In retrospect, the first chapter reads different from the rest of the novel. Maybe it’s because of the terseness of the situation, but the tone doesn’t feel as Victorian as the chapters that follow. After allowing the characters to live in my mind these past few days, I also feel that the characterization of Aurelie is a little off. It is only in this first chapter that you will hear someone describe our heroine as “plain”. For the rest of the book, everyone describes her as ethereal and lovely like a wood nymph. There are even times that Aurelie looks in the mirror after a makeover and finds herself breathtaking.
I hope I’m not painting the girl as a narcissist, because she is anything but. Her talent for wordsmithing is the only thing that could tempt her to take pride in herself, and she’s easily deflated.

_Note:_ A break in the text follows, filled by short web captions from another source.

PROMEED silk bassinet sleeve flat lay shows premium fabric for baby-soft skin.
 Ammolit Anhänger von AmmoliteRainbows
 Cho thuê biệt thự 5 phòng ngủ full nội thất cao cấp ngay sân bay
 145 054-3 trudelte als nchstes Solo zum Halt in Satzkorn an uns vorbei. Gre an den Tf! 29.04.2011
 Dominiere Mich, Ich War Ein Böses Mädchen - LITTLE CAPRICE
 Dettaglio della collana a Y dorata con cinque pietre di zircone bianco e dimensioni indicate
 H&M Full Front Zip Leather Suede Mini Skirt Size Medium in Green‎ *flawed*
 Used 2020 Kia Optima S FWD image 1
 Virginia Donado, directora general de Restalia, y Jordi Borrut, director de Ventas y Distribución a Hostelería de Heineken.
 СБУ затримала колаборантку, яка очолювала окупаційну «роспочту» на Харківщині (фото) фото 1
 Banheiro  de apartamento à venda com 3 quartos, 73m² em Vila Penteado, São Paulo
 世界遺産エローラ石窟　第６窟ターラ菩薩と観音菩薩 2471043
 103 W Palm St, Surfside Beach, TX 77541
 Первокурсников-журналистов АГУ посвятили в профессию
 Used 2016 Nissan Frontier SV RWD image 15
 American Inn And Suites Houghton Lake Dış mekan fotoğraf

For whatever reason, I can’t shake the idea that she reminds me of a Fannie Price, although she is much more resilient than that slip of an Austen girl. But just like Fannie, Aurelie struggles as she watches the man she loves fall for another woman (or does he?).
I don’t know if it’s because of the time period, but I felt a lot of Austen influence. Aurelie could be a cross between Fannie and Elizabeth Bennet. Juliette reminded me of an Emma mixed with Lydia Bennet. Jasper was a Wickham through and through but Silas was a hunky mix of Edmund, Mr. Darcy, and Colonel Brandon. I’m sure I would find more parallels if I put my mind to it, but I will stop there. I don’t know if the author had these characters in mind when she wrote Lady Jayne, but I do know that the mix of Austen characters I listed are polar opposites from each other. So no matter the similarities, Politano has achieved something truly special with her authentic characters.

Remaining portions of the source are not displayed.